Detailed explanation of the answer:1First, calculate a=4

How do you calculate a=4? To use the following formula, logam+logan=logamn (to explain, a is the base m, n is the true number, and mn is the product.)

According to the known conditions and this formula.

f(m)+f(n)=f(mn).

From the * formula and f( 3-1) + f ( 3 + 1) = know a = 4 by * formula, m = 17-1, n = 17 + 1, a = 4 to get f( 17-1) + f ( 17 + 1) = 2

2.To do this kind of question, you should take into account the problems of "the denominator is not zero" and "the true number is greater than zero".

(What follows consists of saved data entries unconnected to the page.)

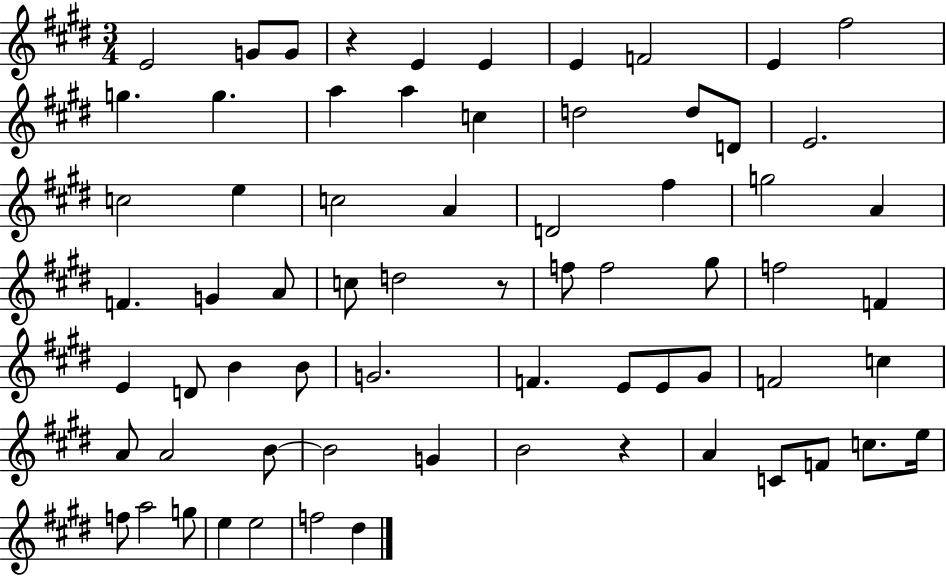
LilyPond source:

{
  \clef treble
  \numericTimeSignature
  \time 3/4
  \key e \major
  e'2 g'8 g'8 | r4 e'4 e'4 | e'4 f'2 | e'4 fis''2 | \break g''4. g''4. | a''4 a''4 c''4 | d''2 d''8 d'8 | e'2. | \break c''2 e''4 | c''2 a'4 | d'2 fis''4 | g''2 a'4 | \break f'4. g'4 a'8 | c''8 d''2 r8 | f''8 f''2 gis''8 | f''2 f'4 | \break e'4 d'8 b'4 b'8 | g'2. | f'4. e'8 e'8 gis'8 | f'2 c''4 | \break a'8 a'2 b'8~~ | b'2 g'4 | b'2 r4 | a'4 c'8 f'8 c''8. e''16 | \break f''8 a''2 g''8 | e''4 e''2 | f''2 dis''4 | \bar "|."
}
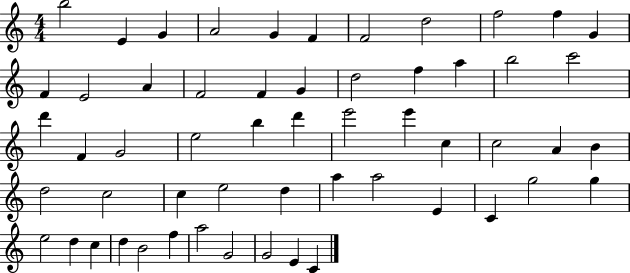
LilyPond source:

{
  \clef treble
  \numericTimeSignature
  \time 4/4
  \key c \major
  b''2 e'4 g'4 | a'2 g'4 f'4 | f'2 d''2 | f''2 f''4 g'4 | \break f'4 e'2 a'4 | f'2 f'4 g'4 | d''2 f''4 a''4 | b''2 c'''2 | \break d'''4 f'4 g'2 | e''2 b''4 d'''4 | e'''2 e'''4 c''4 | c''2 a'4 b'4 | \break d''2 c''2 | c''4 e''2 d''4 | a''4 a''2 e'4 | c'4 g''2 g''4 | \break e''2 d''4 c''4 | d''4 b'2 f''4 | a''2 g'2 | g'2 e'4 c'4 | \break \bar "|."
}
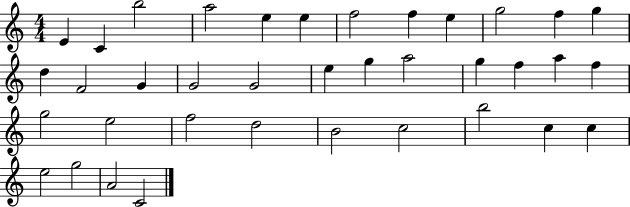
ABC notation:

X:1
T:Untitled
M:4/4
L:1/4
K:C
E C b2 a2 e e f2 f e g2 f g d F2 G G2 G2 e g a2 g f a f g2 e2 f2 d2 B2 c2 b2 c c e2 g2 A2 C2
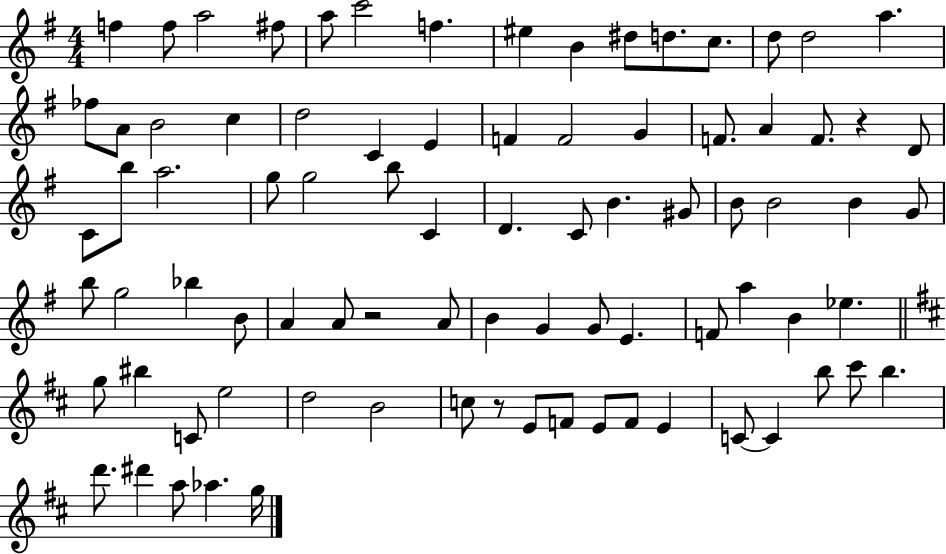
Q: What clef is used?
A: treble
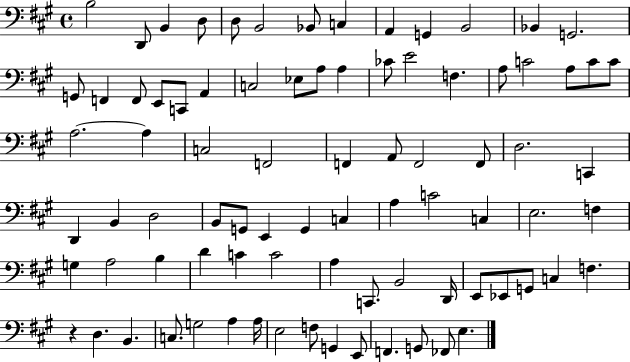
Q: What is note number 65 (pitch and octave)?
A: E2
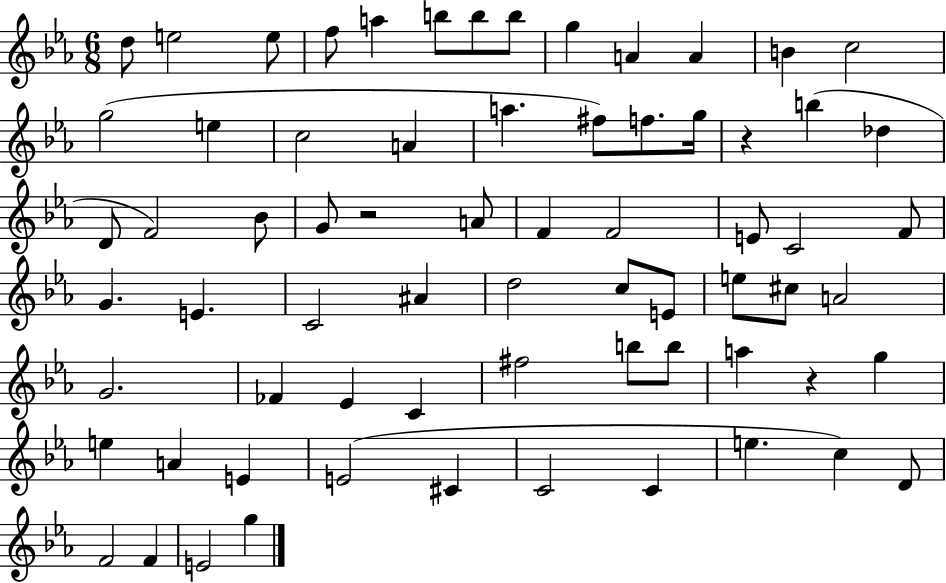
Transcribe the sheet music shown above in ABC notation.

X:1
T:Untitled
M:6/8
L:1/4
K:Eb
d/2 e2 e/2 f/2 a b/2 b/2 b/2 g A A B c2 g2 e c2 A a ^f/2 f/2 g/4 z b _d D/2 F2 _B/2 G/2 z2 A/2 F F2 E/2 C2 F/2 G E C2 ^A d2 c/2 E/2 e/2 ^c/2 A2 G2 _F _E C ^f2 b/2 b/2 a z g e A E E2 ^C C2 C e c D/2 F2 F E2 g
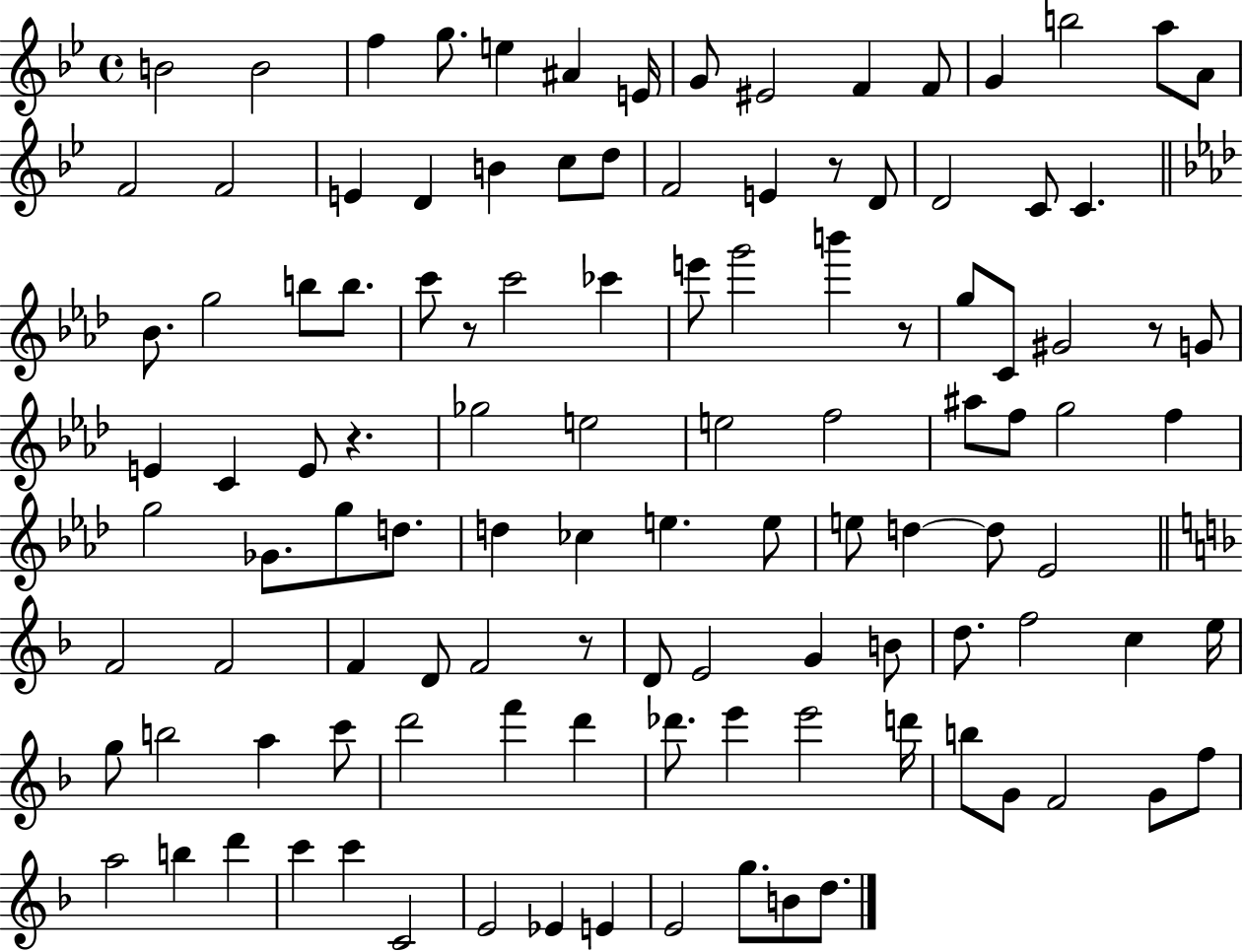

Therefore, the formula in parentheses is greater than zero and not one, and the range of the solution is (1,2)(2,3)3If the question is problematic and you want to find a defined domain instead, you should do this:

Doing such problems takes into account such problems as "true numbers are greater than zero" and "monotonicity of logarithmic functions".

It is known from the meaning of the title. The thing in parentheses is "greater than 1 (according to the logarithmic function monotonicity, and of course don't forget to consider" the true number is greater than zero"Oh! The exponent here refers to "something in parentheses")

It is derived. log2x is less than 1 (2 is the base, x is the true number) and the domain is defined as (0,2) (according to the monotonicity of the logarithmic function, "true x is greater than zero").

The first is 2 ... There's an F missing in front.。。。 According to the formula, you can go to the plus sign in the middle of the left formula.

At the same time, multiply the root number 3 plus or minus 1. Left = loga [(root number 3-1) (root number 3+1)]. It becomes loga2=1 2...

I know that a is 4. Then find log4 16 which is 2

The second bracket is greater than zero and not one... It counts out as (1,2)u(2,3).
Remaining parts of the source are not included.